Throughout U.S. history, rather than characterizing immigrants and refugees in humanitarian terms, many conservative and white nationalists and nativists use narratives representing refugees as invaders, as barbarians at the gates who, if allowed to enter, will destroy the glorious civilization we have established among the “lesser” nations of the Earth.

The day Donald Trump descended the escalator in his tower of gold, with head raised forward like Benito Mussolini as if holding court at his press conference announcing his run for the presidency on June 16, 2015, he tossed down the bodies of Mexican people like red bloody Trump steaks as his initial stepping stones on his march to the White House.

“[Mexico is] sending people that have lots of problems, and they are bringing those problems to us,” he warned. “They are bringing drugs, and bringing crime, and they’re rapists.”

Trump has subsequently placed the children of people attempting to gain refugee status into cages, he has ordered a massive buildup of our military to “guard” the southern border from what Trump terms “invaders” from Central America, and he stated that he intends to eliminate the 14th Amendment’s guarantee of citizenship status to people born in the U.S., even if their parents were born elsewhere.

The 2016 Republican Party platform codified the language by defining the “other” as “illegal aliens,” as if they were dangerous and deadly non-human invaders from deep space.

Trump was also a prominent and outspoken “birther.” He consistently tried to define President Barack Obama as “other” by attempting to prevent our former president the right of self-definition – an apparent contradiction within a political party that emphasizes rugged individualism, freedom, and liberty.

Stereotypes & Scapegoats

A stereotype is an oversimplified, standardized conception or image of a person or group, held in common by members of other groups. Originally referring to the process of making type from a metal mold in printing, social stereotypes can be viewed as molds of regular and invariable patterns of evaluation of others.

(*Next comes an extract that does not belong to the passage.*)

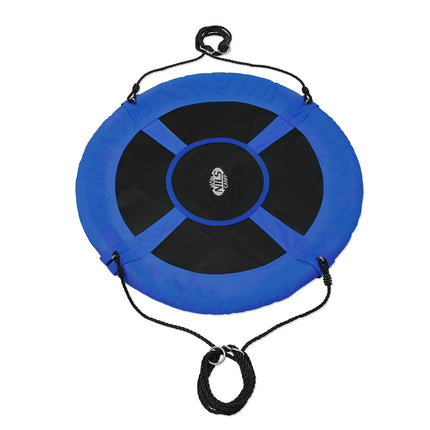 Blue Saucer Swing, 40-Inch, Outdoor Play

Stereotyping can and often does result in singling out individuals and groups as targets of hostility and violence, even though they may have little or nothing to do with the offenses for which they stand accused. This is referred to as scapegoating.

With scapegoating, there is the tendency to view all members of the group as inferior and to assume that all members are alike in most respects. This attitude often leads to even further marginalization.

The origin of the scapegoat dates to the Book of Leviticus (16:20-22). On the Day of Atonement, the high priest selected a live goat by lot. He placed both hands on the goat’s head and confessed over it the sins of the people.

In this way, he symbolically transferred the sins of the people onto the animal, which was then cast out into the wilderness. This process thus purged the people, for a time, of their feelings of guilt, shame, and fear.

When stereotyping occurs, people tend to overlook all other characteristics of the group. Individuals sometime use stereotypes to justify the subjugation of members of that group. In this sense, stereotypes conform to the literal meaning of the word “prejudice,” which is a prejudgment, derived from the Latin praejudicium.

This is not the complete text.